Source: press release
Best of Budapest online | October 9, 2015
As the autumn closes in, luckily there's no need to give up mouth-watering beer and food combinations. Beer expert István Vásárhelyi has no hesitation in recommending beers that harmonizes perfectly with game dishes, as the diversity of light and dark beers on offer bring out every nuance of taste, and reward you with refreshing or full-bodied flavors. There are no bad matches, so it's worth experimenting with combinations of your favorite home-made game dishes and beers. (If you don't feel like cooking it yourself, choose a game dish in the restaurant and don't be shy about ordering a beer to go with it!) The beer connoisseur's guide will help you to match the various game dishes with their ideal match of beer.

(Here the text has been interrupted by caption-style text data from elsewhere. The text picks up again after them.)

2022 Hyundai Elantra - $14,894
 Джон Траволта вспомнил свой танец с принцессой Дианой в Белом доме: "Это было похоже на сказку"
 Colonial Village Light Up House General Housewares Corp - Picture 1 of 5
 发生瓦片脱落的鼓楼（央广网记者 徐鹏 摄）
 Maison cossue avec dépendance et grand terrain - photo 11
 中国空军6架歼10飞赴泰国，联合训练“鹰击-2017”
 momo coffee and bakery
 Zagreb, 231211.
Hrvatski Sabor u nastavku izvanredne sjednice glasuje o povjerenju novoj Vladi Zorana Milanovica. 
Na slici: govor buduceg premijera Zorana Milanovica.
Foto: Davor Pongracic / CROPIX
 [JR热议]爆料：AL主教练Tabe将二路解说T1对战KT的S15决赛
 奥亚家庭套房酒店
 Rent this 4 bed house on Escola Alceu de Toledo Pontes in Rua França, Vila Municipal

Wild boar goes well with brown ale

Sometimes it makes a refreshing change to swap the usual paprika-based beef goulash for a stew made of good quality shoulder of boar. For a real wild boar stew you shouldn't only add paprika, but also a generous helping of onions and a jam made from plums or other dark berries, as well as some juniper berries, and lace it liberally with brown beer while cooking. Dark, heavy English ales, known as Extra Special Bitter (ESB), go best with this type of dish. The treacly sweet malt, distinctive hop character and woodland berry (rosehip, raspberry, blackberry, and cornel) notes are irresistible in combination with the fibre-rich wild boar meat, and this is accented and enhanced by the wonderful tang of the sweet, beer-flavored gravy of the stew.

Venison deserves a bock

A roasted cut of lean venison thigh or steak can make for a memorable main course. A spicy sauce made from hazelnuts or sweet fruits make this into an elegant and impressive dish. To crown it all, serve it with a light, sweet, hoppy bock beer or robust, copper-colored caramel-tasting malty Scottish ale (wee heavy) with up to 9-12% abv, or an American strong ale matured in a whisky barrel.

Belgian ale with hare

Hare is a mouth-watering treat with virtually any trimmings. It's especially delicious with a fine spicy vegetable ragout, or with a game sauce and bread dumplings, which go best with substantial Belgian beers. Depending on the flavoring and trimming, a dark Belgian ale (dubbel), or a fruity, sweet, high alcohol Belgian beer (tripel) is an excellent accompaniment to a light cut of hare thigh or a flavorsome saddle of hare roasted in a traditional clay oven.